XXXI - GREVE
A greve,
que teve início na semana subseqüente ao triste episódio, já durava quinze dias.
Repercutiu
estrondosamente nos meios de comunicação.
Por todo
canto, os cadáveres apinhavam-se nos portais dos cemitérios, nos hospitais e
igrejas; o ar era irrespirável.
Uma
comissão foi chamada a debater e obteve promessas de reavaliação da insalubridade,
aumento salarial, escalonamento de folgas, adicional de penosidade, planos de
cargos e carreira, assistência médica e odontológica, entre outros itens da
pauta original.
Cessaram
a paralisação ameaçando retomá-la em breve se não fossem cumpridas as
exigências, sobretudo a apuração e punição dos assassinos de Trindade.
Retornaram
aos trabalhos imediatamente para normalizar a caótica situação, determinando
que os fornecessem sem demora equipamentos de proteção e segurança.
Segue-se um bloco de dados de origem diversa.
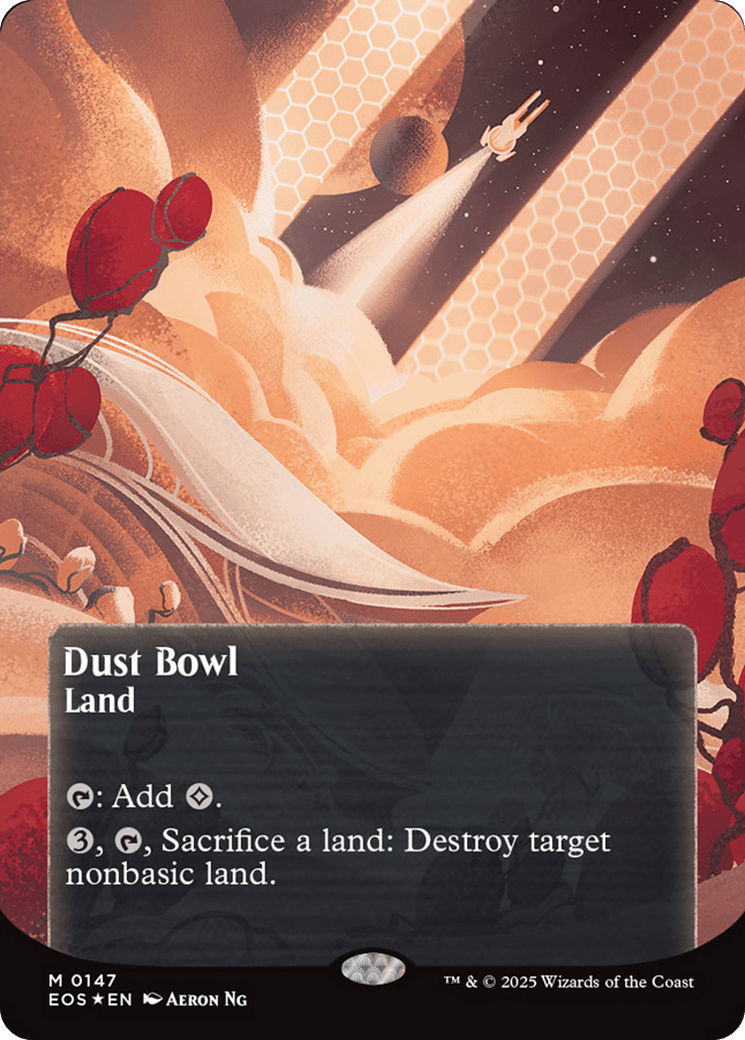 Dust Bowl (0057) (Borderless) (Galaxy Foil) [Edge of Eternities: Stellar Sights] MTG Single Magic: The Gathering  | Multizone: Comics And Games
Pela
primeira vez a classe recebeu material tinindo de novo – eram botas com
revestimento duplo, luvas térmicas, luvas descartáveis, três jogos de uniforme,
máscaras protetoras e tudo o mais necessário para o enterramento em massa.
O
trabalho empatou: zero a zero em três dias.
As visitações
aos cemitérios se multiplicaram em muito além dos frequentadores habituais.
Visitantes
de outros segmentos da sociedade compareceram: repórteres, estudantes,
religiosos, lideranças negras e homossexuais.
Os
repórteres queriam matérias para os seus jornais. Os estudantes estavam à
procura de temas para trabalhos acadêmicos. Os representantes das minorias
estavam em solidariedade.
Os
visitantes habituais sim, estes serviram de fiel da balança à ilusória aceitação
do movimento pelo grande público.
Segundo enquete
realizada por Burquinha, mais de oitenta e cinco por cento era terminantemente
contra a greve; outros mais de cinco por cento dos entrevistados acreditaram
mesmo absurda a idéia de coveiros terem ousadia de formar alguma entidade e
reivindicar direitos.
Quatro
por cento se negaram a comentar. Menos de um por cento: essa a proporção do
apoio popular.
A
estatística pungia o coração dos sepultadores.
O tempo
corria de par com a vontade da categoria de ter melhorias atendidas.
Nada
mudara. Então reiniciaram a greve. Desta vez com a firmeza de só retornarem com
negociações acompanhadas pela imprensa e pareceres de autoridades trabalhistas devidamente
registrados.
A greve
se alastrou por todo país. Em algumas regiões se seguiram conflitos e confusões.
Nos interiores
houve pressão dos prefeitos, dos religiosos, da polícia e das populações.
Chegaram notícias de confrontos entre sepultadores e as guardas municipais,
demissões em massa, ataques e apedrejamento às casas de coveiros... Tiros... Mortes...
Esteve
presente no Cemitério Verde o presidente da Associação dos Cemitérios Privados,
acompanhado de muitos assessores, jornalistas e próceres políticos.
Não cederam
sequer a questões menores como adaptação das acomodações e pagamento integral
das horas extras com índices e cálculos equiparados aos dos demais
trabalhadores da nação.
Sua
contraproposta ficou muitíssimo aquém das expectativas dos trabalhadores. A
greve continuou.
Acumulavam-se
os féretros. Alguns caixões estavam
estourados. Outros, menos resistentes deixavam vazar fluídos cadavéricos.
As
forças do exército, bombeiros e policiais foram chamadas para se ocuparem de
enterrar os esquifes que já somavam mais de três milhões.
A
resistência era férrea dos dois lados.
A
atrapalhação dos assessores de todas as esferas de governo desconcertava os
chefes executivos e minava antecipadamente as futuras candidaturas.
A
sociedade estava em comoção pelo terror das doenças de transmissão aérea. O povo mascarou-se contra a atmosfera infecta.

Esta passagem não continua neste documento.